He allí la prosa de la aventura, tan ingenua, tan fresca y fervorosa. Tan joven. He allí la prosa que podría encontrarse – con mayor o menor brillo – en una ristra interminable de novelas metropolitanas emplazadas en el siglo XX. La pasión por el riesgo camina en puntas de pie sobre las palabras.

 

“Papá prosiguió: para él sería un gran alivio saber que Glenn había calzado en un buen empleo porque así como iban las cosas podía suceder, aunque no podía asegurarlo, que tuviera el privilegio de ser enviado a Ginebra como representante de varias entidades pacifistas americanas.

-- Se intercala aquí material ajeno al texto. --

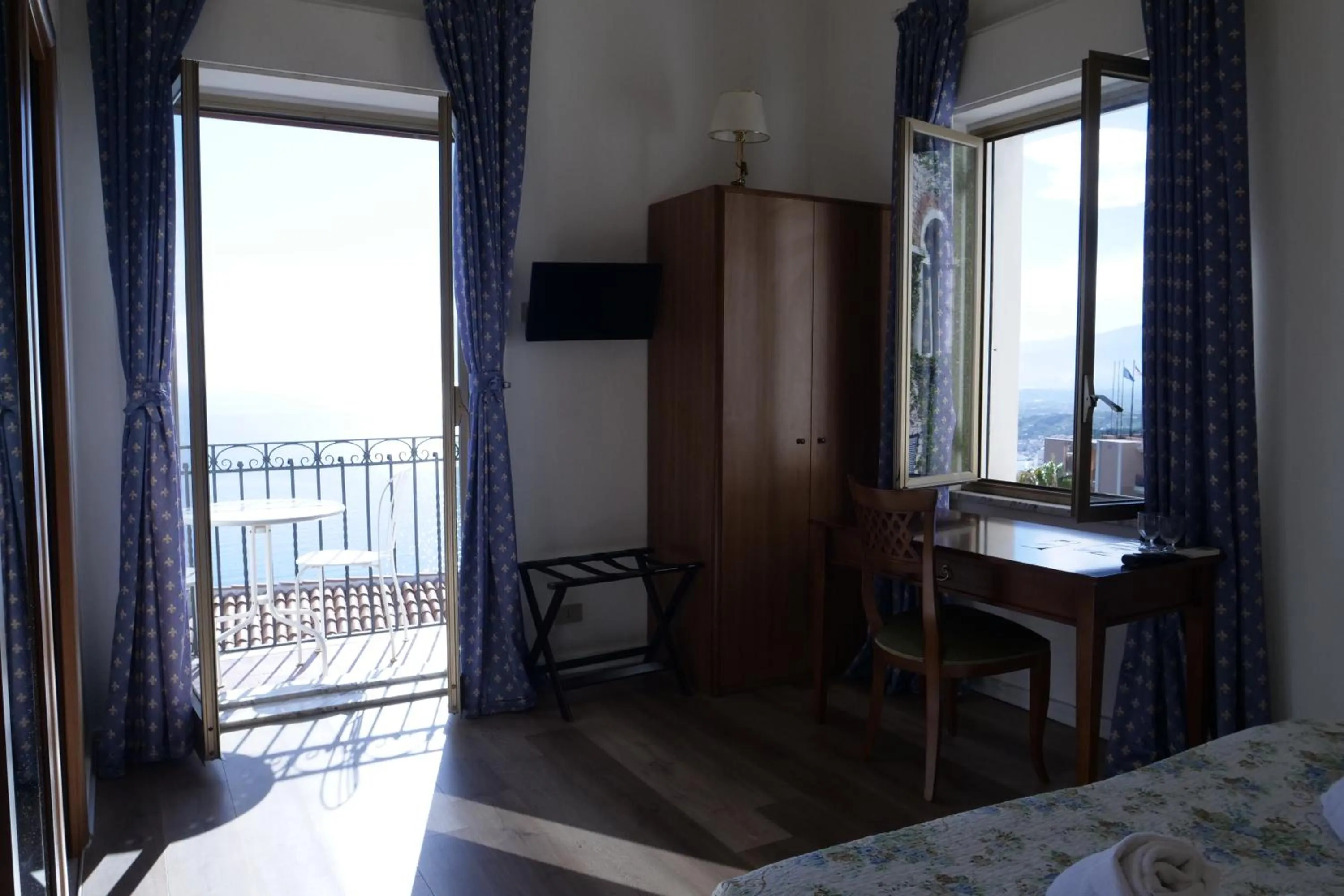 Bedroom, Bed in Hotel Elios Tao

Pero, papá, sólo la clase obrera revolucionaria con la clase obrera de Rusia a la vanguardia puede lograr la verdadera paz mundial”.

 

He allí la prosa de la convicción idealista, de la juventud hecha carne y letra, de cierta inocencia perdida. He allí la prosa de la juventud vuelta actriz política del siglo inolvidable. He allí el renombrado asesinato al padre, el reproche elevado a eslogan radical, el homicidio del conformismo y la falsa calma a manos de un sueño real dirigido por hombres reales.

 

“ Me echaron del partido, ¿sabes? – dijo Glenn, tratando de no dar importancia a las palabras.

_ ¡No me digas! … y yo que te creía el más leal de sus afiliados.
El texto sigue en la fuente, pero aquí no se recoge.